La convenzione stipulata tra l'Azienda sanitaria trentina e la Fondazione Serena, che co-gestiscono la struttura, prevedeva una sperimentazione di 5 anni, prorogabile di altri 5 con l'autorizzazione della Giunta provinciale per consentire eventuali consolidamenti o miglioramenti del modello organizzativo.
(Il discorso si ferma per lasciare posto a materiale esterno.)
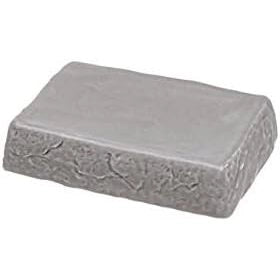 P/SAPONE GRIGIO LINEA PETRA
Febbraio 2026 non è lontano, ma non sono ancora arrivate comunicazioni ufficiali sul tema: e così in molti si chiedono che fine farà il Centro Nemo di Pergine Valsugana

PERGINE VALSUGANA. Concepito nel 2018, concretizzato l'anno seguente, inaugurato formalmente nel marzo 2021. Fin dal primo giorno il Centro Clinico Nemo di Trento, attivo all'ospedale Villa Rosa di Pergine Valsugana e gestito in co-convenzione tra Apss e Fondazione Serena Onlus, è stato riconosciuto come unico nel suo genere in Trentino e come un'eccellenza a livello nazionale: si prende cura di persone affette da malattie neuromuscolari complesse come la Sla, le distrofie muscolari e l’atrofia spinale (Sma), e da quel giorno del 2021 sono stati oltre 1.700 i pazienti presi in carico.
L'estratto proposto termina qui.